Combine the sugar and 1/4
cup water in a medium saucepan over high heat and cook without stirring until a
deep amber color, 8 to 10 minutes. (my first batch
burned, so I had to start over. Do NOT
leave the stove- to change a diaper or give a bottle, like I did- and keep a
close eye on this. It goes from perfect
to burnt in 10 sec!)
Slowly and carefully whisk
in the warm milk mixture and continue whisking until smooth. Add the vanilla
seeds and corn syrup. Bring to a boil, (mine overflowed
here- again do NOT leave the stove!), reduce the heat to medium and
cook, stirring occasionally with a wooden spoon, until the sauce is reduced by
half and the consistency of a caramel sauce, about 55 minutes.(This sounds easy, finally you can get something done….not so! I stirred every 5 or so min for the entire
hour. The sauce had reduced but it was
not thick like a caramel sauce. Around
75 minutes I decided to take matters into my own hands, and added 2 egg yolks
to get it thick. Worked like a charm and
the sauce was now perfect!)
Remove from the heat and
whisk in the butter, vanilla
extract, salt and rum (if using). Transfer the sauce to a medium
bowl and stir in the pecans and shredded coconut. Let the frosting cool to room
temperature, stirring it occasionally, before frosting the cake.

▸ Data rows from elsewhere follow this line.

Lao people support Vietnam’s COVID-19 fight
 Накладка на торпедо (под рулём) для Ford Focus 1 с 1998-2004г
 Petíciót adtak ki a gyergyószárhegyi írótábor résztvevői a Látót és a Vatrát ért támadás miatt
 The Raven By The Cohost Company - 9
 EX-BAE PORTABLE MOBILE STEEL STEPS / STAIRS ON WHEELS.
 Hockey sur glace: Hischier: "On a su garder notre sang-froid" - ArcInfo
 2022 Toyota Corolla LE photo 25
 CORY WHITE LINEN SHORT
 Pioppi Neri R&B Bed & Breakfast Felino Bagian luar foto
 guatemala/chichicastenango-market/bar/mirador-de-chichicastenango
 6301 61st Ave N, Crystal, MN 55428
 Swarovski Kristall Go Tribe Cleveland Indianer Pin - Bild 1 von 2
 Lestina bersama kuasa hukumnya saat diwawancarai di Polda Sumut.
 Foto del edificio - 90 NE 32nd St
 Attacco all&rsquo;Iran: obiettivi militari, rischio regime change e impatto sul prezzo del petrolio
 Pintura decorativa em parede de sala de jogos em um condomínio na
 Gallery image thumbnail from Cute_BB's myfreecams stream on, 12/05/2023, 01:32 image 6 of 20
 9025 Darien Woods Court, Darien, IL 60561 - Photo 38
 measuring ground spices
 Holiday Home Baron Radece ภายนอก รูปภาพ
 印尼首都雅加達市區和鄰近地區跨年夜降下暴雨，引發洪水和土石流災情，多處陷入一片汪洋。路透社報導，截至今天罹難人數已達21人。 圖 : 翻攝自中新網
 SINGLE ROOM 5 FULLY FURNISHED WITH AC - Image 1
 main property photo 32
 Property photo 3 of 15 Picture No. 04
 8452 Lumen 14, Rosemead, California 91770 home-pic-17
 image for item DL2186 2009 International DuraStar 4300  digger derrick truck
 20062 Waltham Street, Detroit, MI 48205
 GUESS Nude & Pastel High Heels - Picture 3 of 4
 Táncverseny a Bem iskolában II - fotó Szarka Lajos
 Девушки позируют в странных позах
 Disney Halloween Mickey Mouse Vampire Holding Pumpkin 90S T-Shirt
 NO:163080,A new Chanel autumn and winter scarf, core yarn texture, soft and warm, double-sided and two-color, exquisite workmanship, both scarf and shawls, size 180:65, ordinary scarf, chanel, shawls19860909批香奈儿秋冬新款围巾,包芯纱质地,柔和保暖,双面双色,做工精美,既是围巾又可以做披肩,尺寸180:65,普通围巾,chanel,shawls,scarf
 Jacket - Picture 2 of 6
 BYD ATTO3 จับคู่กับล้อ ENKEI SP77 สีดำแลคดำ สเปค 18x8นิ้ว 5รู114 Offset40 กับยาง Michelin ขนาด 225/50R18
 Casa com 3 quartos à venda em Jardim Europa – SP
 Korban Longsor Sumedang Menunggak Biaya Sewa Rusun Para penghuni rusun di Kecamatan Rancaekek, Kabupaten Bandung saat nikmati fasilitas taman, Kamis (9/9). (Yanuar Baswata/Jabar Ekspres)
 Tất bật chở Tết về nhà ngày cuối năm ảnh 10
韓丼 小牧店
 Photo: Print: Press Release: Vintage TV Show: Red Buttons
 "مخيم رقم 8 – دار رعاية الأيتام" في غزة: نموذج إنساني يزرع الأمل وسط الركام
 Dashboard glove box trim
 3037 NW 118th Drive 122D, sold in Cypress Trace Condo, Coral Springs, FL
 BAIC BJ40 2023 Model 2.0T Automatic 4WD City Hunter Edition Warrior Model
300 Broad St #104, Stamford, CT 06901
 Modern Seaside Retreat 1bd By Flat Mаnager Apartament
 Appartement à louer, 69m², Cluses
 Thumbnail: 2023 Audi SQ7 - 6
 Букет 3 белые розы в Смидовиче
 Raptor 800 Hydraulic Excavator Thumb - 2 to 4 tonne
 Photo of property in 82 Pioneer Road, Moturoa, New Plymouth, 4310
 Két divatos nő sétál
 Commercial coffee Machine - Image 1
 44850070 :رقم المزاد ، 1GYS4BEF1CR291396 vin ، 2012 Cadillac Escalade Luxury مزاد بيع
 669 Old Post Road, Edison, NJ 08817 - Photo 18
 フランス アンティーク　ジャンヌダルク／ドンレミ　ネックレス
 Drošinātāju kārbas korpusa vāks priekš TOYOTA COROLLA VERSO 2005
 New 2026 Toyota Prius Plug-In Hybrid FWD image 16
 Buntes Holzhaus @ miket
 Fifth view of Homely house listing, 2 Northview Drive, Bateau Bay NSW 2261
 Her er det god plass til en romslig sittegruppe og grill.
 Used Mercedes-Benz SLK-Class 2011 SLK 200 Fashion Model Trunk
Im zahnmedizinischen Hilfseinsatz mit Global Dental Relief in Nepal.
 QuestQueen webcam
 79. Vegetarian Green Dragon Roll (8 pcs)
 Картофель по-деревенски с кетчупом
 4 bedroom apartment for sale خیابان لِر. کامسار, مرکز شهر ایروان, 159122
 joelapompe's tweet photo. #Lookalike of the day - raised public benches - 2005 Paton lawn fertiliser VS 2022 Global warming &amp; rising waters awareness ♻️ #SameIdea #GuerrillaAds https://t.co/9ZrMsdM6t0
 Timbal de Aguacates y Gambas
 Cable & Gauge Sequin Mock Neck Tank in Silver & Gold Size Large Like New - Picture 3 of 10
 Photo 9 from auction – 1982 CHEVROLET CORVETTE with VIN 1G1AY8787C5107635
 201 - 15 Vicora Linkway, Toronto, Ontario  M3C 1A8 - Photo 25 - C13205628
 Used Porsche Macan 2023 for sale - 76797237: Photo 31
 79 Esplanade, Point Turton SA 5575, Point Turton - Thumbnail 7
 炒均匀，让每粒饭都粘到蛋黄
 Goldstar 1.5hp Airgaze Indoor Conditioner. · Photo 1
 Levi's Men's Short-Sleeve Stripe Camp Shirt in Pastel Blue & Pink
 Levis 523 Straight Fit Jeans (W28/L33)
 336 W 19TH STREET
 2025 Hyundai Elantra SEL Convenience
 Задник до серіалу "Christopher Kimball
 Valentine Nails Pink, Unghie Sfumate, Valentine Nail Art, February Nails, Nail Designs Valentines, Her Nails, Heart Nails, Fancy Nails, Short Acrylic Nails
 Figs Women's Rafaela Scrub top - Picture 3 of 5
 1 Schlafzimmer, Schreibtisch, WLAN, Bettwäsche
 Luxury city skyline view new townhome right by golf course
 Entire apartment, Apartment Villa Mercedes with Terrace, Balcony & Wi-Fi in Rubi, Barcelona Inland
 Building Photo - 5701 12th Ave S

Make the ganache:(*This was listed later in the original recipe, but it should be
made before you start to assemble.) Bring the cream to a simmer in a small saucepan. Put the chocolate
in a medium heatproof bowl, add the hot cream and the corn syrup and let sit
for 30 seconds. Gently whisk until smooth. Let sit at room temperature for 10
minutes.
To assemble the cake,
slice each cake in half horizontally. (easiest way to
do this is to use a serrated knife and score around the outside so you make the
layers even.) (Cut 3-4 strips of parchment paper and cover rim of plate you’re
going to serve on. Then…)Place 1
cake layer (rounded part down) on a cake round
and spread one-third of the frosting
evenly over the top. (leave about ¾ in border around
edge because it will spread out when the layer stack on.) Repeat to make
3 layers, then top with the remaining cake layer, top-side up. (end with flattest layer on top)
Set the cake on a wire
rack placed over a rimmed baking sheet. (I was not
about to move the masterpiece now but it was fine because I had the parchment
paper to catch all of the gooey deliciousness!
Your pre-cake treat….and you certainly deserve it after all the work
this takes!!) Pour the chocolate
ganache over the cake, letting the excess drip down the sides. Sprinkle the top
with toasted coconut and pecans. Let sit at room temperature for at least 30
minutes and up to 4 hours before slicing.